President Obama said Friday that he hopes the opening of the African American History and Culture Museum on the National Mall will help people deal with the racial turmoil embroiling Charlotte, N.C., and Tulsa, Okla., and other cities besieged by violence after deadly confrontations involving the police.

“The timing of this is fascinating because in so many ways, it is the best of times but in many ways, these are also troubled times,” Obama said Friday during a White House reception honoring the celebrities, politicians and advocates who donated to the museum’s creation.

“History does not always move in a straight line and without vigilance, we can go backwards and as well as forward,” Obama said.
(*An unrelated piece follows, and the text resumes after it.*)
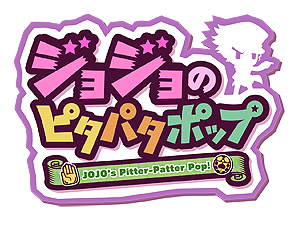 ꡼ No.009Υͥ / ֥祸δ̯ 饹ȥХСפƯϡִϪȼưʤפ饨ԥɡ֥פΰ2020ǯ1о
The museum opening “allows all of us as Americans to put our current circumstances in a historical context,” he said. “My hope is that as people are seeing what’s happening in Tulsa, or Charlotte, on television and perhaps are less familiar” with black American’s history, they “may step back and say, ‘I understand. I sympathize empathize. I can see why folks might feel angry and I want to be part of the solution as opposed to resisting change.'”

“My hope is that black folks seeing those same images on television and then visiting the museum will see the struggles of the past are connected,” but say to themselves, “‘I cannot and will not sink into despair.’ Because if we join hands, if we do things right, if we maintain our dignity, if we appeal to the better angels of this nation, progress will be made.”

Obama derided pundits and radio commentators who talk about the country’s racial problems in terms “bereft of context” and which ignore “history so people are just responding as if none of what is represented in this museum ever happened,” Obama said.

“And that’s true for all of us. So when I imagine children … wandering through that museum and sitting at the that lunch counter and imagining what it would be like to stand on that auction block, and then also look into Shaq’s shoes, and Chuck Berry’s red Cadillac, my hope is that this complicated, difficult, sometimes harrowing but, I believe ultimately, triumphant story will help us talk to each other,” he said.

He was referring to a civil rights era diner counter at the museum, as well as retired NBA center Shaquille O’Neal’s basketball shoes, and legendary musician Chuck Berry’s iconic car.

“And more important, listen to each other. And even more important, see each other and recognize the common humanity that makes America what it is,” Obama said.